### AVAILABLE RECORDS

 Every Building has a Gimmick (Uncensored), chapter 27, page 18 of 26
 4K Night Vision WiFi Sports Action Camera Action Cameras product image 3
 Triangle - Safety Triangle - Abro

######
### AVAILABLE RECORDS

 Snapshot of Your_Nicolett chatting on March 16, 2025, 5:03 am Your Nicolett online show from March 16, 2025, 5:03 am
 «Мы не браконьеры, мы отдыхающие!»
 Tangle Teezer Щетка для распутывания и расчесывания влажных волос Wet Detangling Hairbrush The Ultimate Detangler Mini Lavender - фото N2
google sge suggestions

######

* EXERCISE
Every line from the line containing "Tangle Teezer Щетка" through the line containing "google sge suggestions" in the records above must be retyped exactly. Leave out the rest.

* WRITTEN ANSWER
 Tangle Teezer Щетка для распутывания и расчесывания влажных волос Wet Detangling Hairbrush The Ultimate Detangler Mini Lavender - фото N2
google sge suggestions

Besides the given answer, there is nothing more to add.